Time-saver. I see Jimmy Wales is appealing again. Someone kindly give the man $2m.


----------



## DeepR (Apr 13, 2012)

PetrB said:


> The chorus in Scriabin's "Prometheus" is a tacked-on afterthought, singing only a few bars in the final cadence of the entire work: the work can be performed without it, as per the composer's direction in the score -- the chorus part is marked _'ad libitum'_.


Not just during the final few bars. The choir also sings for about a minute, just before and during the massive climax, where some of the "micro melodies" that were used throughout the piece fall into place. In fact, the most important moment of the piece. 
I'm glad the performance I went to used a choir, because it wouldn't be the same without it. An incredibly powerful experience I will never forget.
I haven't heard a performance where the choir wasn't used. Some conductors seem to rush through the choral part however, which is a shame.


----------



## PetrB (Feb 28, 2012)

The now cliche prototype of 'Epic' choral symphony is Mahler's Eighth.


----------



## Lisztian (Oct 10, 2011)

Il_Penseroso said:


> Oh my dear, I'm sure you ain't forget our favortie Liszt's Faust and Dante Symphonies.
> 
> How can I ever get away from the final male chorus in Faust:


Never! It's just that it was already listed on the wikipedia page. The Berlioz, a work I like, was not. But yes, both the Faust and Dante are favourites! For a while I wasn't that keen on the Faust, found it overlong and discursive. Not anymore, though. I think it's a masterpiece, and I agree with Leslie Howard who calls it one of the pinnacles of Liszt's achievement, along with the Piano Sonata and the oratorio Christus (I would also add the Annees de Pelerinage and the 'Gran' Mass).


----------



## Xaltotun (Sep 3, 2010)

Lisztian said:


> Berlioz' _Grande symphonie funèbre et triomphale_.

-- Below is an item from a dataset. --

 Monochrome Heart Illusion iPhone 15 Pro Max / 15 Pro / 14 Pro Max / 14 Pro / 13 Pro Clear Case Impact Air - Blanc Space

This is one ROUSING piece. Perhaps dead people aren't emotionally affected by it, but I'll suspect everyone else is!


----------



## DeepR (Apr 13, 2012)

I am going to Mahler 2 in two months, can't wait. 
I wish Scriabin's first would be performed somewhere, sometime, outside Russia, and not so far from where I live.


----------



## PetrB (Feb 28, 2012)

Symphonic, if not 'a symphony,' is Messiaen's _Trois petites liturgies de la présence divine_ for orchestra, female chorus, piano and Ondes Martinot.


----------



## Mahlerian (Nov 27, 2012)

Trois petites liturgies was the first piece by Messiaen that I heard. I have since listened to just about everything he wrote, and found my tastes expanded greatly because of it. I was also fortunate to get the chance to hear it live a few years ago.


----------